首先，bbox是以offsets to the center, height, and width的格式给出的，需要通过除以输入的imInfo.scale被还原放大到原图空间.

其次，给bbox数据做逆变换，并剪切，使bbox的范围不超过原图。

最后，用nms（non-maximum suppression）算法去掉重叠的bbox。

由于以上后处理代码既非计算密集，也非存储密集，所以在cpu上定义。

最终输出结果是分类、置信得分、4个坐标。并且使用函数writePPMFileWithBBox在输出的图片上用红色1像素的框标记出来。

运行sample_fasterRCNN

下载模型faster_rcnn_models.tgz

下载地址

https://www.soupan8.com/file/23544645

在data/faster-rcnn下执行命令：

tar zxvf faster_rcnn_models.tgz -C ./ --strip-components=1 --exclude=ZF_*

到bin目录下执行

./ sample_fasterRCNN

执行过程如下，输出图片保存在bin目录下。

查看person-0.974725.ppm

添加自定义层

IPluginV2Ext是自定义层需要继承的基类。

IPluginCreator是在网络构建阶段生成自定义层的类，并可以在推断时反序列化自定义层。

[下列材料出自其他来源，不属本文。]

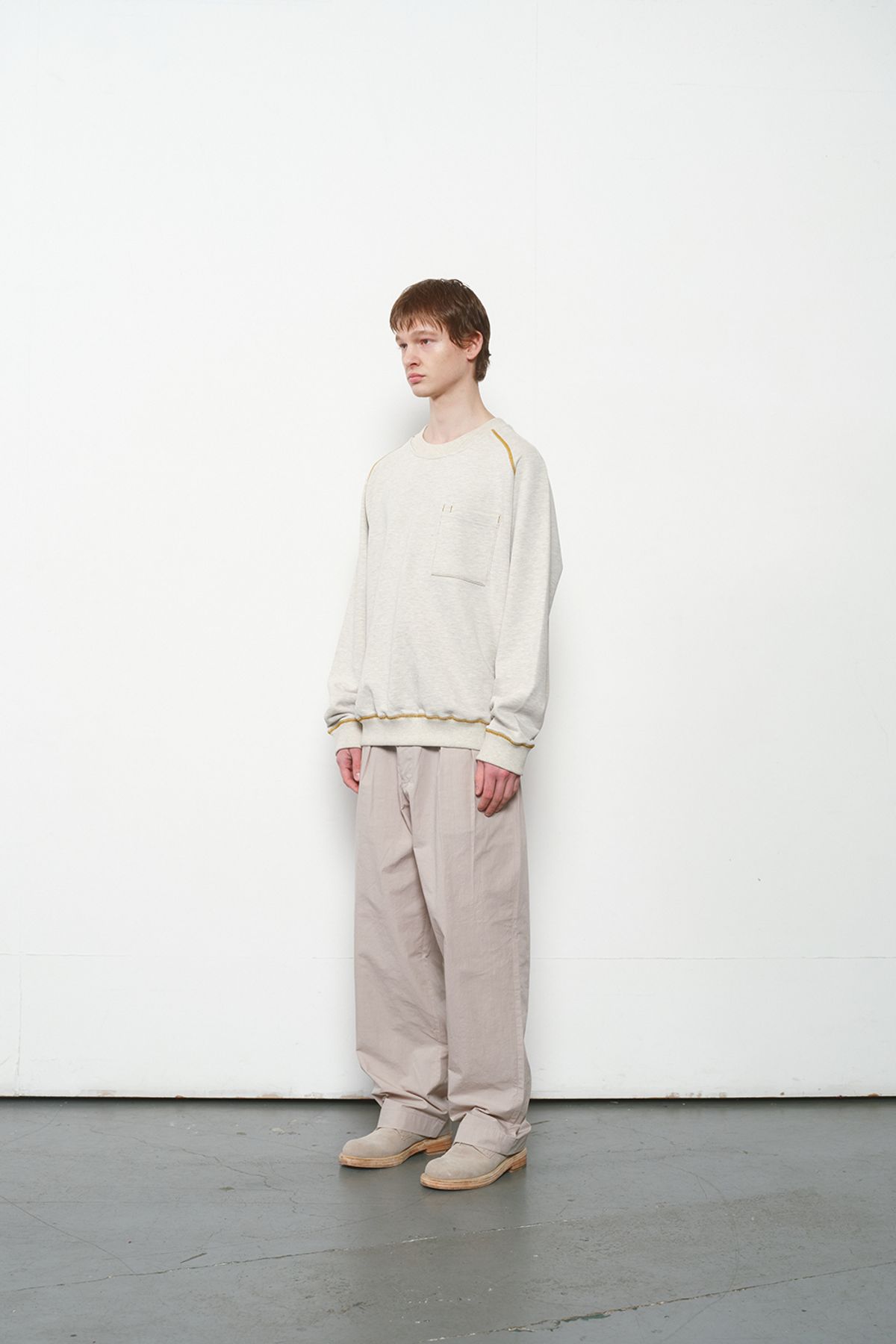 홀리선(HORLISUN) Sugarpine Raglan Sweatshirt Oatmeal Mustard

IPluginCreator::createPlugin()：创建一个plugin object;
addPluginV2(): 创建层并添加层到网络，并绑定层和plugin；
addPluginV2()可以返回一个IPluginV2Layer对象的指针，通过指针可以操作层的数据。

给网络添加一个自定义层

（name: pluginName, version: pluginVersion）示例代码如下：

//Use the extern function getPluginRegistry to access the global TensorRT Plugin Registry

auto creator = getPluginRegistry()->getPluginCreator(pluginName, pluginVersion);

const PluginFieldCollection* pluginFC = creator->getFieldNames();

//populate the field parameters (say layerFields) for the plugin layer

PluginFieldCollection *pluginData = parseAndFillFields(pluginFC, layerFields);

//create the plugin object using the layerName and the plugin meta data

IPluginV2 *pluginObj = creator->createPlugin(layerName, pluginData);

//add the plugin to the TensorRT network using the network API

auto layer = network.addPluginV2(&inputs[0], int(inputs.size()), pluginObj);

… (build rest of the network and serialize engine)

pluginObj->destroy() // Destroy the plugin object

… (destroy network, engine, builder)

… (free allocated pluginData)

在序列化时，TensorRT engine将存储所有IPluginV2 类型的plugin type, plugin version, 和 namespace(if exists)。在反序列化时，TensorRT通过搜索这些信息从plugin registry来找到对应的plugin creator。这使得TensorRT engine可以调用IPluginCreator::deserializePlugin()。在反序列化过程中，创建的plugin将会被engine调用IPluginV2::destroy()来销毁。

在旧版本的TensorRT反序列化过程中，我们需要继承nvinfer1::IpluginFactory才可以调用createPlugin。但是在新版本的TensorRT中，对于被注册并且用addPluginV2来添加的Plugin来说，不需要再继承nvinfer1::IpluginFactory这个类了。